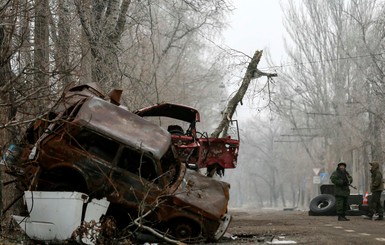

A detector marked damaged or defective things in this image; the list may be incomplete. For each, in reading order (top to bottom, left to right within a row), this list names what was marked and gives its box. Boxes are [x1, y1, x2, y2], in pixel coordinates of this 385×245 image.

burnt vehicle [6, 83, 231, 243]
wrecked car [6, 83, 231, 243]
rusted van wreck [8, 83, 231, 243]
rusted hood [73, 96, 171, 160]
burnt vehicle [134, 103, 238, 176]
wrecked car [134, 103, 238, 176]
rusted hood [172, 169, 230, 219]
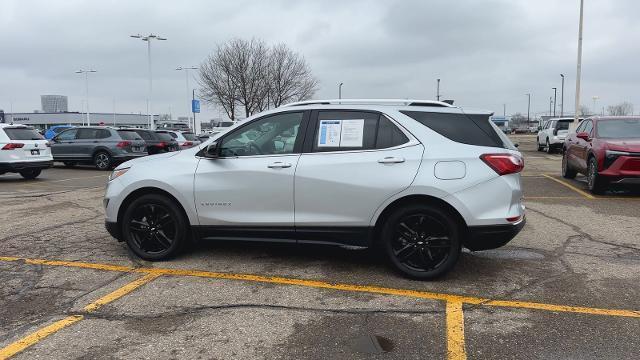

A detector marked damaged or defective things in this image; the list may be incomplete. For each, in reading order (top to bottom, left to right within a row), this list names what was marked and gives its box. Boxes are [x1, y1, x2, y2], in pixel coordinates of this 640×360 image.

cracked asphalt [0, 141, 636, 358]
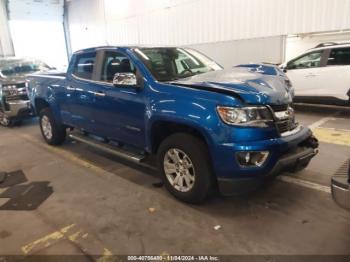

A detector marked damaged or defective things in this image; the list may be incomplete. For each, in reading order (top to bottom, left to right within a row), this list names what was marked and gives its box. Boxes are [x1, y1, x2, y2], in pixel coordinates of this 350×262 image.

damaged vehicle [0, 57, 51, 127]
damaged vehicle [26, 46, 318, 203]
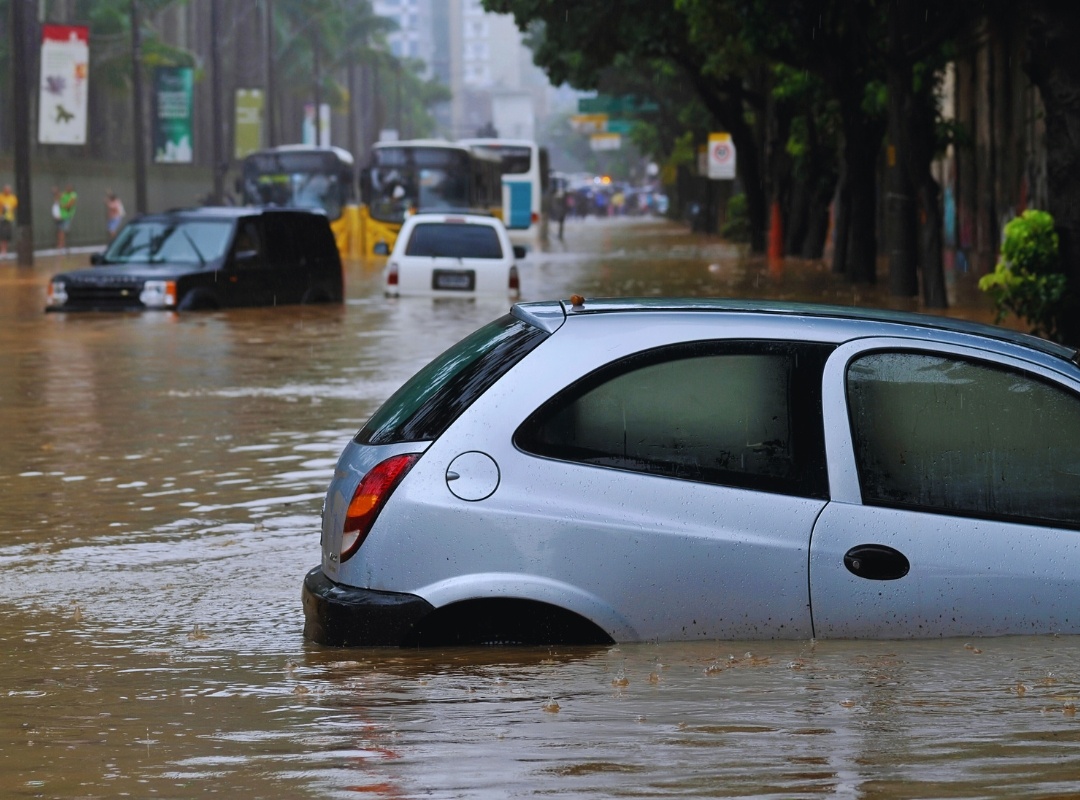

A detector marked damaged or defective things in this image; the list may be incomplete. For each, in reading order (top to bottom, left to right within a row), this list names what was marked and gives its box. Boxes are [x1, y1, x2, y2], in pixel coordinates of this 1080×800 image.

abandoned black suv [45, 206, 342, 312]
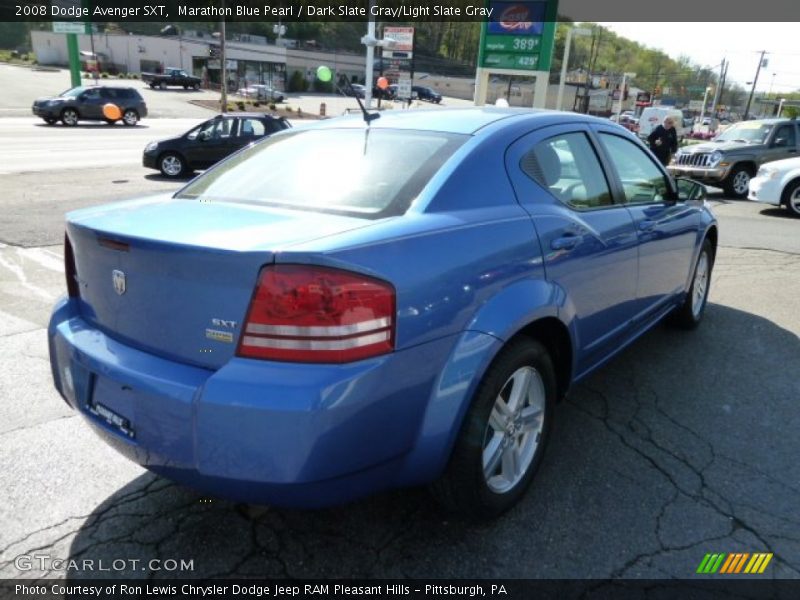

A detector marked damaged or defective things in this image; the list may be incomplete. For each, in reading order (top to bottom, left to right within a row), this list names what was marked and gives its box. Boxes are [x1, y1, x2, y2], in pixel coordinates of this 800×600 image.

cracked pavement [1, 105, 800, 580]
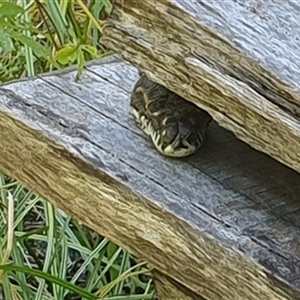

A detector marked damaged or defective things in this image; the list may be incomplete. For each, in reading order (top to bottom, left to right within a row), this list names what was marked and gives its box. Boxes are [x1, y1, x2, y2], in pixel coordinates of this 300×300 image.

splintered wood edge [0, 62, 298, 298]
splintered wood edge [101, 0, 300, 176]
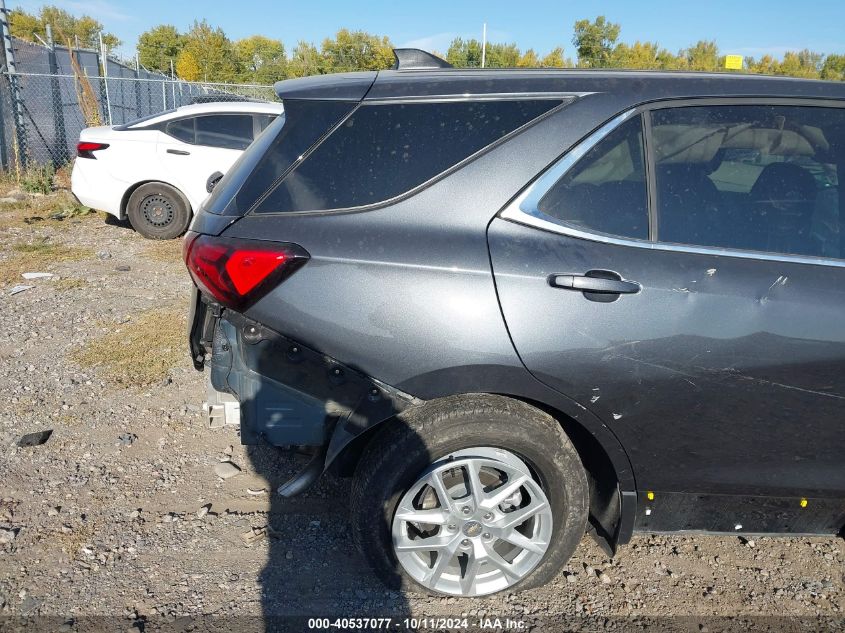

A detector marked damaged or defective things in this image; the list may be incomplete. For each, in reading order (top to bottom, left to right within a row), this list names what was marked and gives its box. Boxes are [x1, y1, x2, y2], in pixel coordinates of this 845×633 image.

damaged gray suv [185, 50, 844, 596]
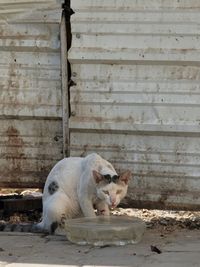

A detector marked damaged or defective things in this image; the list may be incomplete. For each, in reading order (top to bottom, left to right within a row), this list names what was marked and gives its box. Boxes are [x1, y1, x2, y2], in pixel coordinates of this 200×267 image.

rusty metal sheet [0, 0, 63, 188]
rusty metal sheet [68, 0, 200, 209]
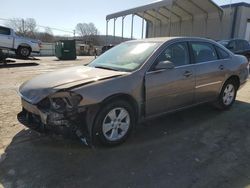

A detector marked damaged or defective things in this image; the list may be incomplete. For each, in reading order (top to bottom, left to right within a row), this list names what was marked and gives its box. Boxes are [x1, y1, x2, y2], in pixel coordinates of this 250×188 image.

broken headlight [49, 92, 82, 112]
crumpled front hood [19, 65, 127, 104]
damaged tan sedan [17, 36, 248, 145]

*What is required*:
Your task is to reproduce exactly the lines running from the line that contains "this 845×633 image." to the end of the records, pictures excluded.

*Answer to this task*:
A detector marked damaged or defective things in this image; the list may be incomplete. For each, in reading order (top to bottom, left to right within a row), this list names what was marked and gives its box. Boxes are [x1, y1, x2, y2], in pixel coordinates of this 845×633 image.

damaged gray suv [185, 50, 844, 596]

A detector marked damaged or defective things in this image; the list may be incomplete. For each, in reading order (top to bottom, left to right within a row), this list names what was marked and gives its box. Boxes are [x1, y1, x2, y2], in pixel coordinates of this 200×267 image.

rusty metal sheet [0, 0, 63, 188]
rusty metal sheet [68, 0, 200, 209]

A detector marked damaged or defective things in this image; the list may be incomplete. For each, in reading order (top to bottom, left to right within a row), this list names what was marked and gives its box. Boxes are [x1, y1, x2, y2], in pixel coordinates of this 250×188 image.

broken headlight [49, 92, 82, 112]
crumpled front hood [19, 65, 127, 104]
damaged tan sedan [17, 36, 248, 145]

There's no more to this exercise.